1 The Resyntax Command-Line Interface
Resyntax provides a command-line resyntax tool for analyzing and refactoring code. The tool has two commands: resyntax analyze for analyzing code without changing it, and resyntax fix for fixing code by applying Resyntax’s suggestions.
Note that at present, Resyntax is limited in what files it can fix. Resyntax only analyzes files with the .rkt extension where #lang racket/base is the first line in the file.
Each of the target flags accepted by these commands constructs a source group describing which files to operate on. See Source Groups in The Resyntax Grimoire for the API underlying these flags.
1.1 Installation
Use the Racket package manager to install Resyntax in the installation scope:
% raco pkg install --installation resyntax |
The --installation flag (shorthand for --scope installation) installs packages for all users of a Racket installation, ensuring resyntax is in your PATH.

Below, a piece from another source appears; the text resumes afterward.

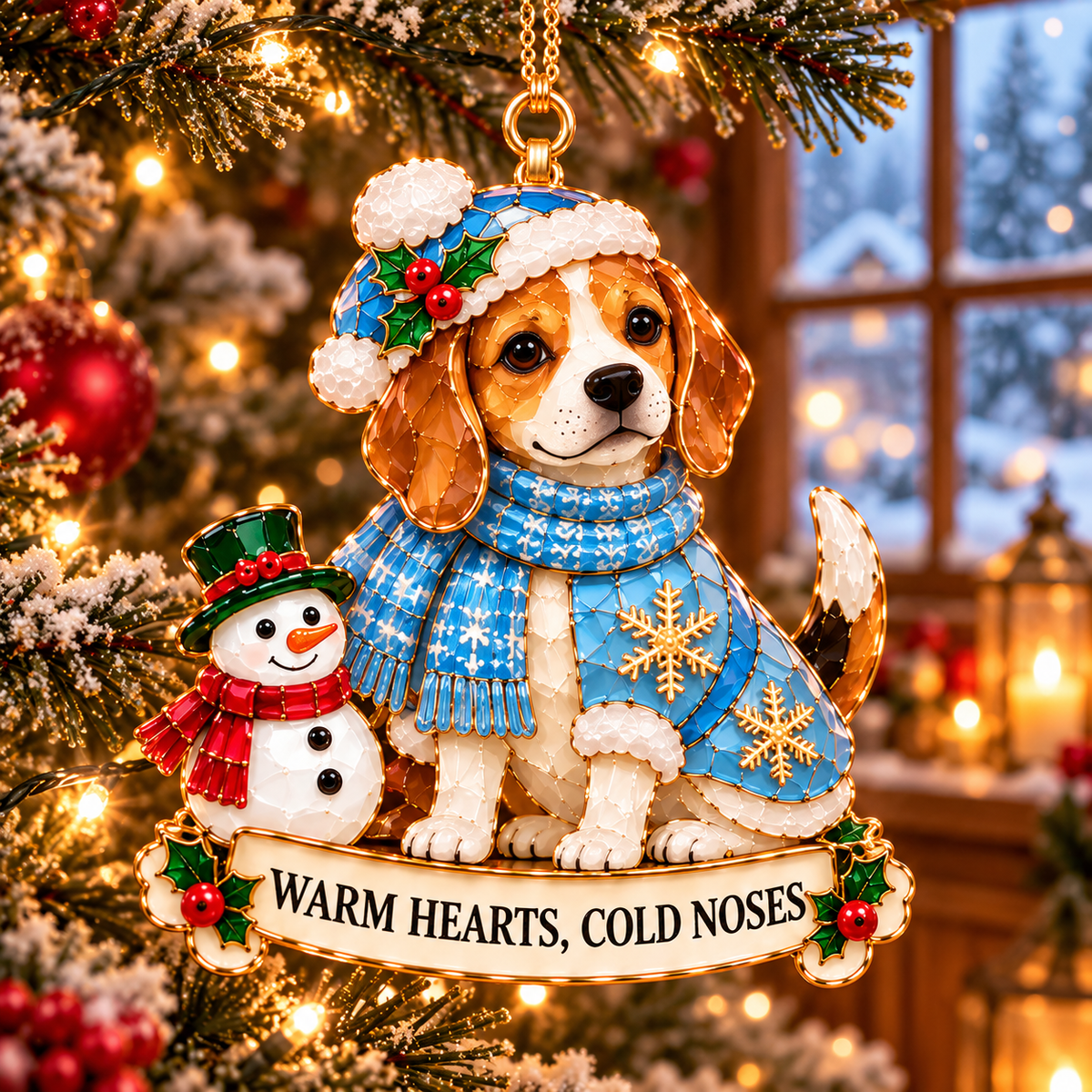 2026 Beagle Christmas Ornament Gift Set – 6 Festive Designs with Stained Glass Style & Heartwarming Wishes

% resyntax analyze --file example.rkt |
resyntax: --- analyzing code --- |
resyntax: --- displaying results --- |
% |
1.2 Running resyntax analyze
The resyntax analyze command accepts flags for specifying what modules to analyze. After analysis, suggestions are printed in the console. Any of the following flags can be specified any number of times:
--file ‹file-path› —
A file to analyze. --directory ‹directory-path› —
A directory to analyze, including subdirectories. --package ‹package-name› —
An installed package to analyze. --local-git-repository ‹repository-path› ‹base-ref› —
A local Git repository to analyze the changed files of. Only files which have changed relative to ‹base-ref› are analyzed. Base references must be given in the form remotename/branchname, for example origin/main or upstream/my-feature-branch. --refactoring-suite ‹module-path› ‹suite-name› —
A refactoring suite to use instead of Resyntax’s default recommendations. Custom refactoring suites can be created with define-refactoring-suite.
1.3 Running resyntax fix
The resyntax fix command accepts the same flags as resyntax analyze for specifying what modules to fix. After analysis, fixes are applied and a summary is printed.
--file ‹file-path› —
A file to fix. --directory ‹directory-path› —
A directory to fix, including subdirectories. --package ‹package-name› —
An installed package to fix. --local-git-repository ‹repository-path› ‹base-ref› —
A local Git repository to fix the changed files of. Only files which have changed relative to ‹base-ref› are fixed. Base references must be given in the form remotename/branchname, for example origin/main or upstream/my-feature-branch. --refactoring-suite ‹module-path› ‹suite-name› —
A refactoring suite to use instead of Resyntax’s default recommendations. Custom refactoring suites can be created with define-refactoring-suite.
If two suggestions try to fix the same code, one of them will be rejected. At present, the best way to handle overlapping fixes is to run Resyntax multiple times until no fixes are rejected.